# Toilet rocks on tile floor



## End Grain

HD, Lowes and ACE all sell clear nylon wedges in their toilet parts aisles specifically for eliminating rocking by filling in the gaps. You break off or cut off the portion of the wedge that works best so that it rests just under the toilet edge, allowing you to caulk it in afterwards. They work great, won't rust and won't rot like wooden shims.


----------



## Mike Swearingen

Replace the wax ring if necessary. 
Put a level across the bowl of the toilet, and level it with those beveled plastic shims made for the purpose.
Snug the toilet bolts down enough that the toilet cannot move at all. Any rocking or other movement may break the wax ring seal.
Use tub & tile caulk (with mildew inhibitor) to seal around the front and sides only, leaving the back open for leak detection.
Good Luck!
Mike


----------



## NateHanson

I prefer to grout around the toilet base (sanded grout) to match the tile floor. Caulk flexes, and doesn't clean up as well as grout, IMO. Just make sure not to wiggle the toilet for a day after grouting.


----------



## Mike Swearingen

I only caulk after the toilet is bolted down securely and can't move at all. The caulk is for looks only, not for any part of the toilet stability.
Mike


----------



## Tommy Plumb

Plaster of paris.


----------



## remi999

Once I saw a cheap trick for situations like yours - use 1 cent coins under your toilet so fix the rocking. They are made of copper and will not rust.

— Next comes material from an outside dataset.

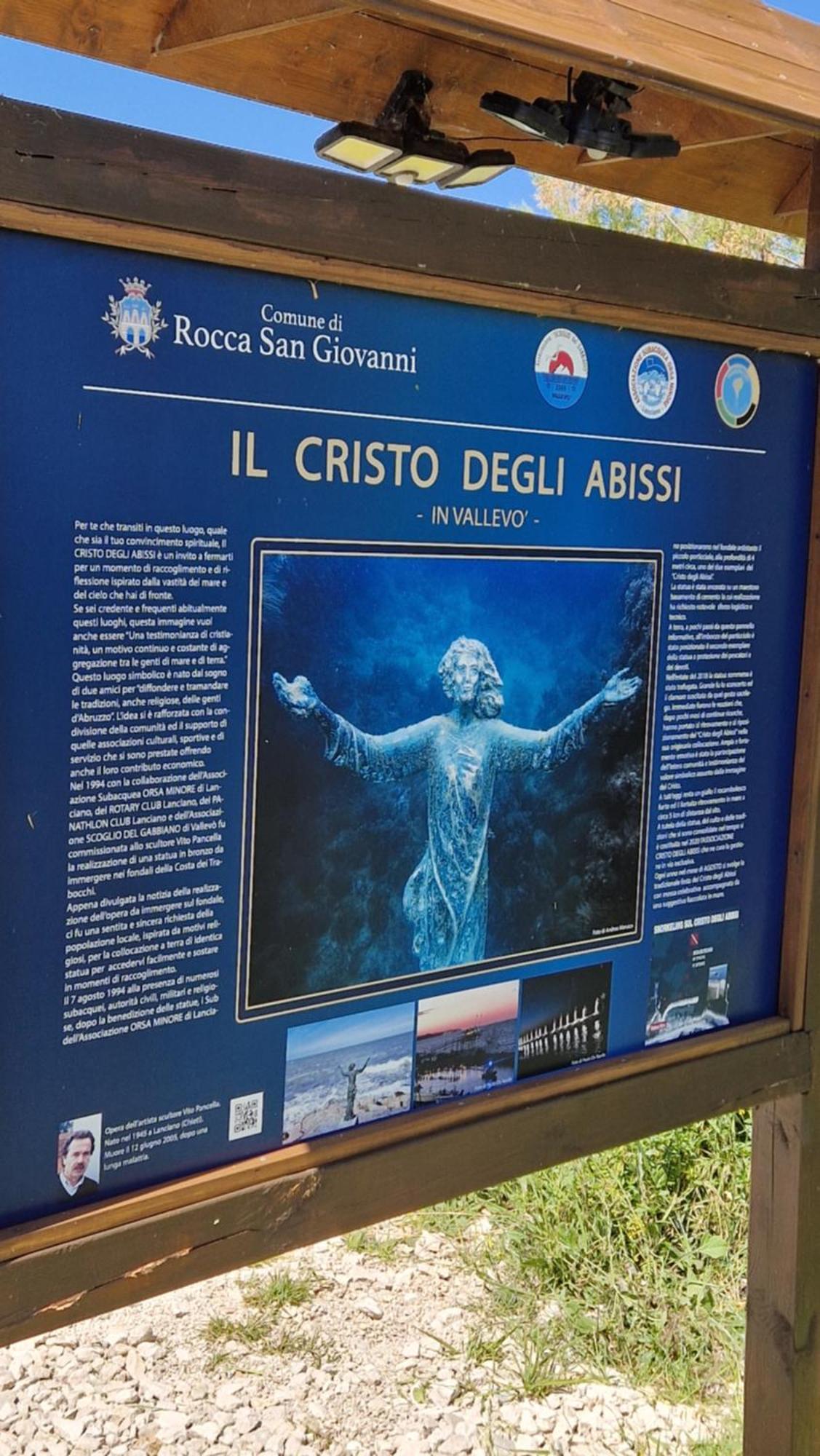L'Apostolo E Il Navarca Villa Ortona Luaran gambar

Caulk will not stop the wiggle. Think about the weight of the porcelain, the user and the water combined.

One more thing (maybe stating the obvious). If you even remotely _suspect_ there may be a toilet leak - DON'T CAULK around the toilet. It's like fixing a tooth cavity by plugging in a piece of gum. WON'T WORK!

Remove the toilet (it's really not too complex) and replace the wax ring. Otherwise you'll trap the leaking water (let's call it that, but in reality it is far from being "water") under the toilet and guarantee you all kinds of problems like rot, smell, mold, etc.


----------



## Richo

I ended up loosening the bolts a little and tapping in the little plastic wedges. Once I got it solid I caulked the front and back of the toilet base and everything seems to be fine with it, no rocking, no leaks.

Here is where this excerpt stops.